Print again, word for word, all of the records below, and leave the pictures out.
====== Supplied entries
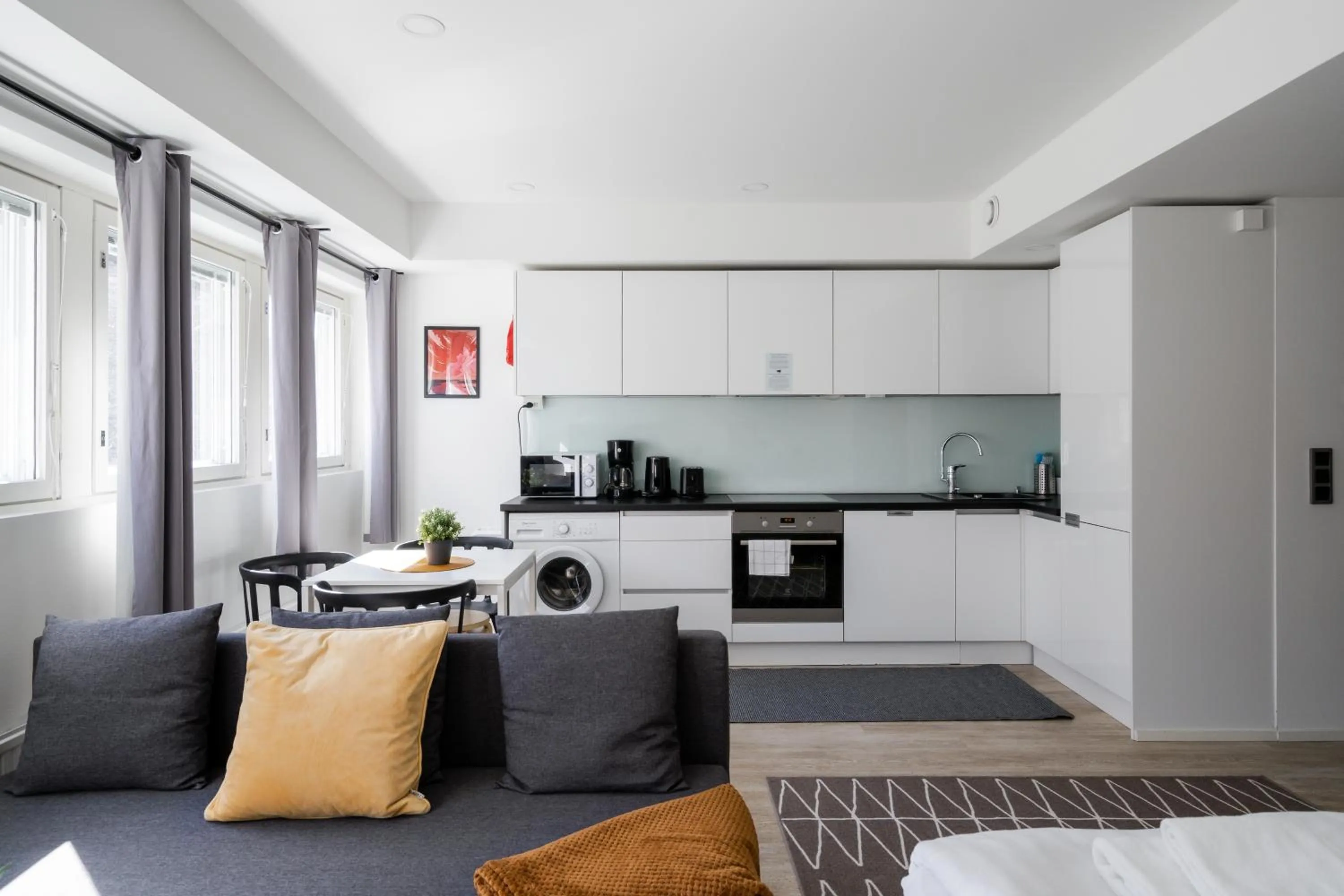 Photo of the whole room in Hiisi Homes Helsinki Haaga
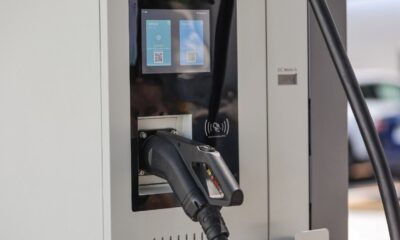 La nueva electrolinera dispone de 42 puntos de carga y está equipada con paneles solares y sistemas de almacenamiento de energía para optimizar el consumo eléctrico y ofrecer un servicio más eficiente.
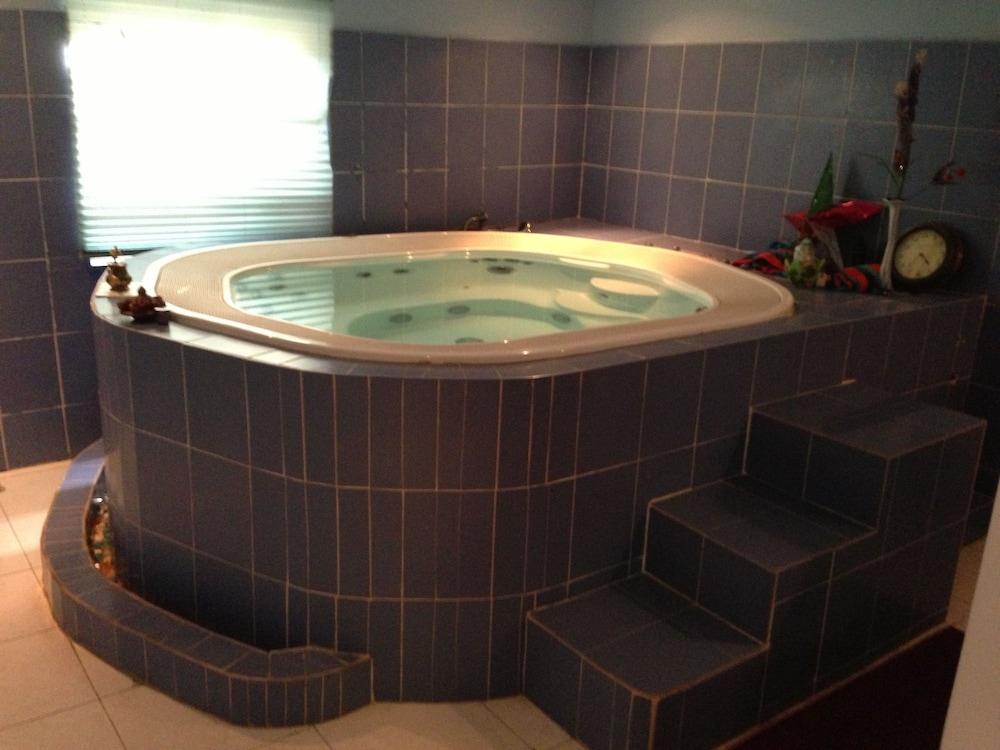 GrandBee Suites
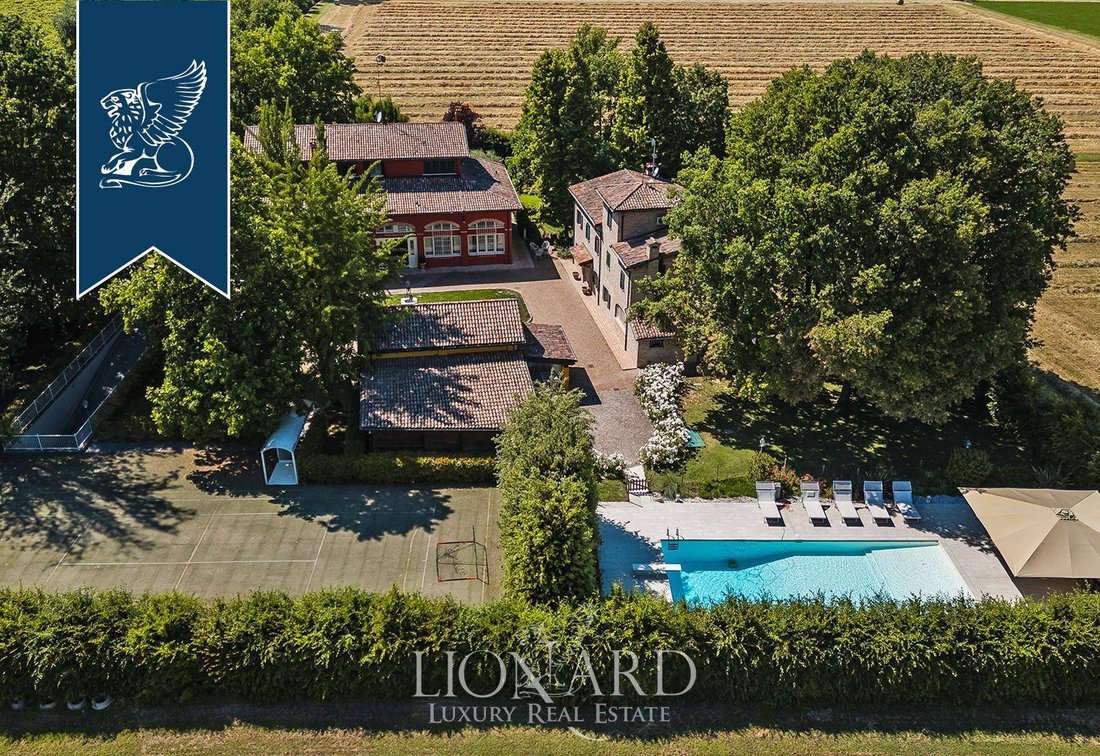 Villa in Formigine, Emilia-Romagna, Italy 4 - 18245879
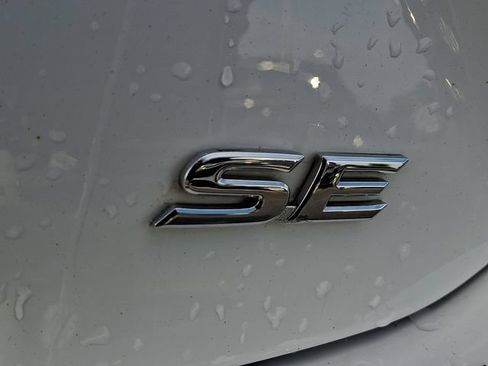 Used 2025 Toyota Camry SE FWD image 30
============
> _Exercise answer_
 Photo of the whole room in Hiisi Homes Helsinki Haaga
 La nueva electrolinera dispone de 42 puntos de carga y está equipada con paneles solares y sistemas de almacenamiento de energía para optimizar el consumo eléctrico y ofrecer un servicio más eficiente.
 GrandBee Suites
 Villa in Formigine, Emilia-Romagna, Italy 4 - 18245879
 Used 2025 Toyota Camry SE FWD image 30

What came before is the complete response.